Later, after too much time to wander around a rather uninteresting shopping area, we went to the Museo de Arte Latinoamericano de Buenos Aires (M.A.L.B.A.). There were some awesome art exhibits there, but the tour was a little dry. We all seemed to be stuck in hackey sack mode, and kept trying to find spots to play, hence our being scolded by a security guard. I did see a Frida Kahlo painting, as well as some cool photography exhibits.

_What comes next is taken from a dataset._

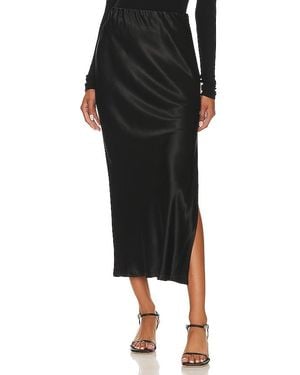 Enza Costa Bias Maxi Skirt - Black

After that, we went to Cementerio de Recoleta, which was phenomenal. It was like a small city of tombs, some of which were old, some were new, some were whole, some were broken. Some had copper in their decoration, and it had turned to a gorgeous green-gold that seemed to flow into the rest of the ornate decoration of the shrine. The guide kept telling us to be careful, that we would get lost, etc etc etc, which was the only downside of the tour. It was just such a cool place, and it was fascinating to see the different tombs and monuments, and how much care and dedication was given to them. We also saw the tomb of Evita Peron. After the cemetery, we had time to hang out in the park outside, and go to the feria, which was huge. There were different musicians, and a drum circle, as well as delicious smells wafting from the food carts. It was definitely an area that was over-touristy, but there were so many cool different things to see in the stalls, it was worth putting up with the crowds.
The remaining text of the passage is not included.